- [Exercise] As you work through the listing below, copy each line exactly and drop the images.

- [Data provided]
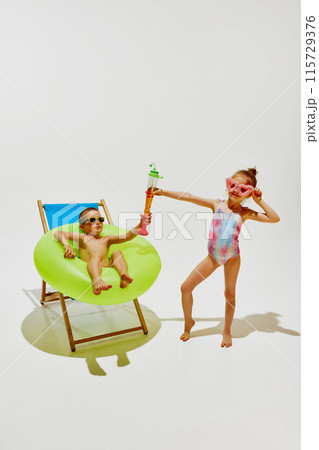 Kids have fun on sunny day. Boy relaxes in beach chair with green inflatable ring, while his friend, girl holds toy water blaster. Kids have fun on sunny day. Boy relaxes in beach chair with green inflatable ring, while his friend, girl holds toy water blaster. 115729376
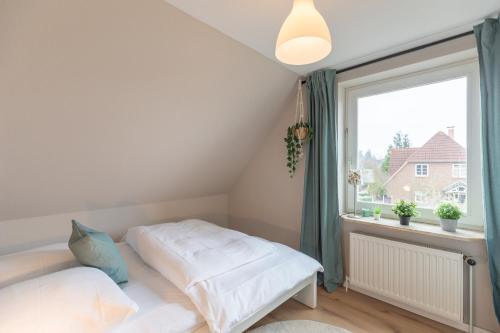 um quarto com uma cama e uma grande janela em Bräist Hus em Bredstedt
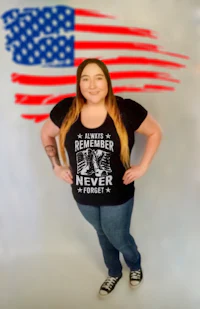 a woman posing in front of an american flag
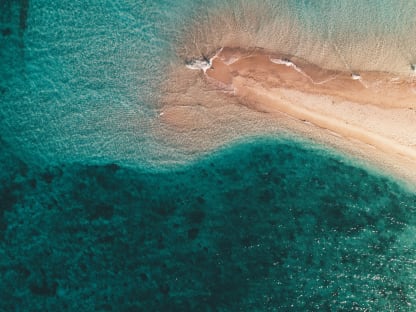 aerial-shot-ocean-waves-hitting-small-sandy-island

- [Your response]
 Kids have fun on sunny day. Boy relaxes in beach chair with green inflatable ring, while his friend, girl holds toy water blaster. Kids have fun on sunny day. Boy relaxes in beach chair with green inflatable ring, while his friend, girl holds toy water blaster. 115729376
 um quarto com uma cama e uma grande janela em Bräist Hus em Bredstedt
 a woman posing in front of an american flag
 aerial-shot-ocean-waves-hitting-small-sandy-island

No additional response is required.